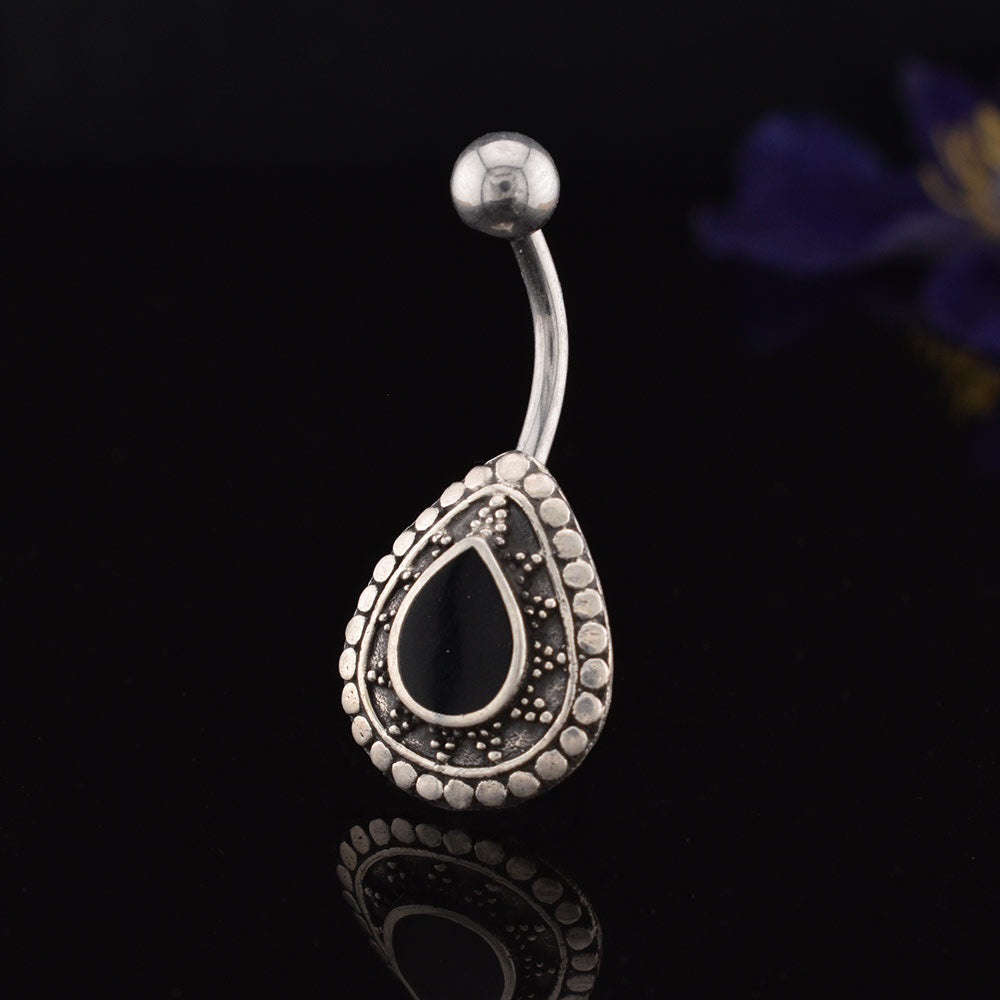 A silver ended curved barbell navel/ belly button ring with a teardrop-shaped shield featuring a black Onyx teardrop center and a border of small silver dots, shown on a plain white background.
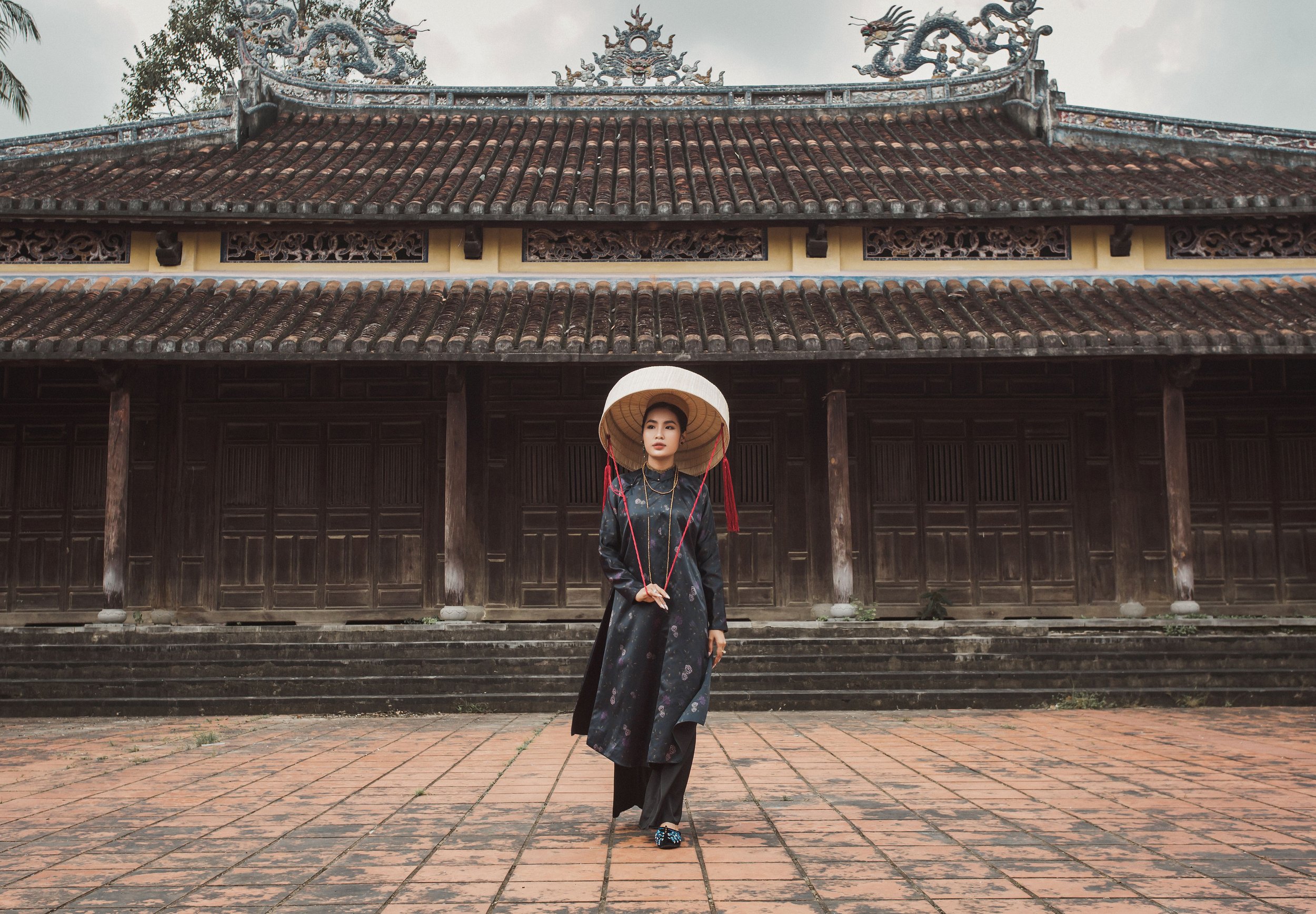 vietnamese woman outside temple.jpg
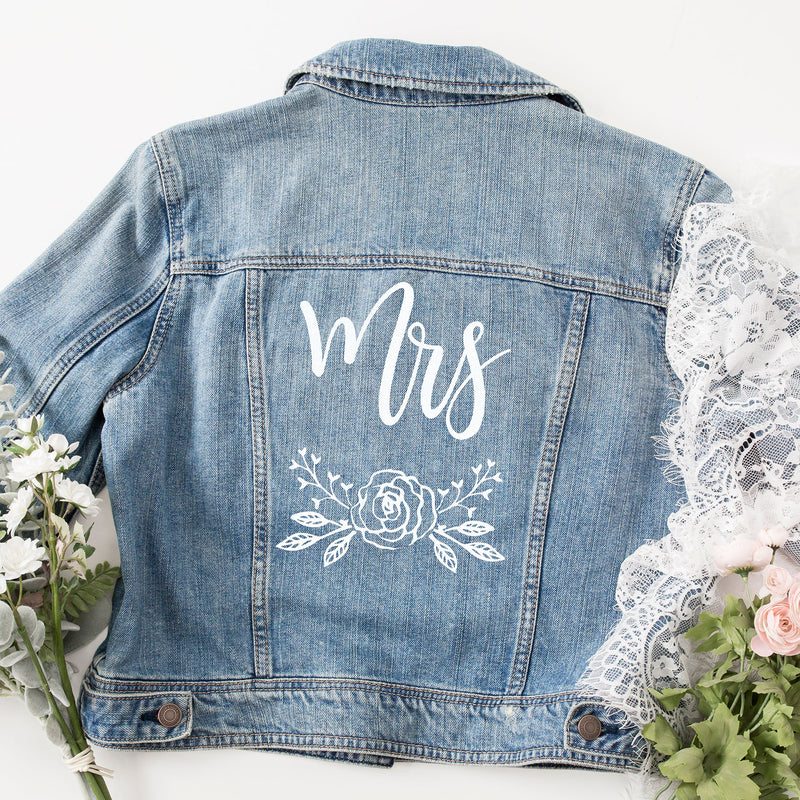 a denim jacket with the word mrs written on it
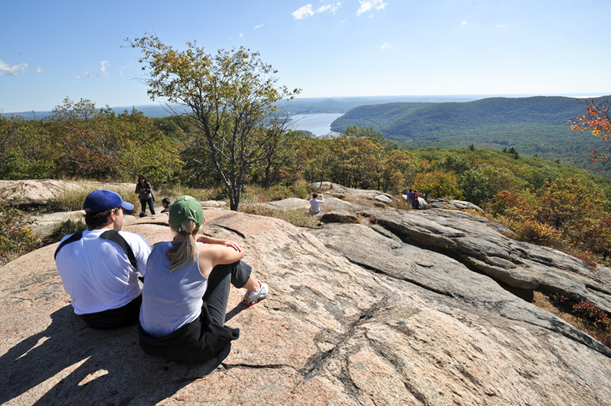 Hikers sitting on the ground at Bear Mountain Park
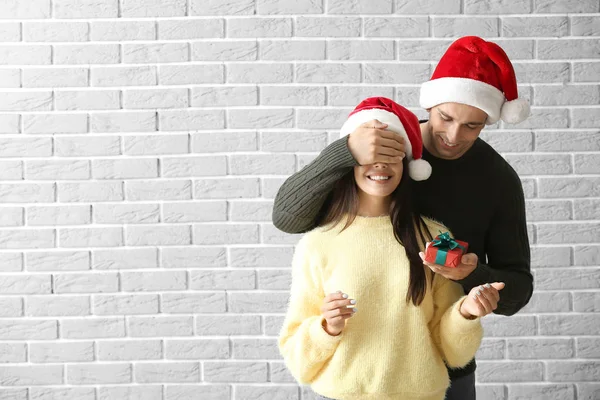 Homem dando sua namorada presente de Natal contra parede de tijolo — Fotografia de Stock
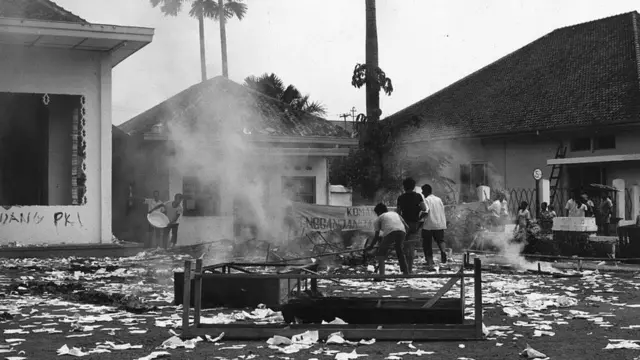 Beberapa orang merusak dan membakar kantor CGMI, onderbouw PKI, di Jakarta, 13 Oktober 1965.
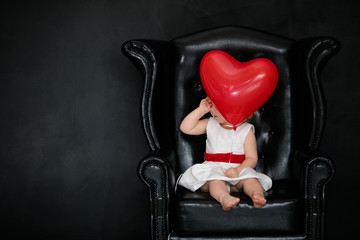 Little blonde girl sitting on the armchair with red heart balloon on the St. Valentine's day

Work order —
Write out an exact copy of the lines beginning at the line that contains "Homem dando sua" and ending at the last line of the listing. Exclude pictures.

Answer box —
 Homem dando sua namorada presente de Natal contra parede de tijolo — Fotografia de Stock
 Beberapa orang merusak dan membakar kantor CGMI, onderbouw PKI, di Jakarta, 13 Oktober 1965.
 Little blonde girl sitting on the armchair with red heart balloon on the St. Valentine's day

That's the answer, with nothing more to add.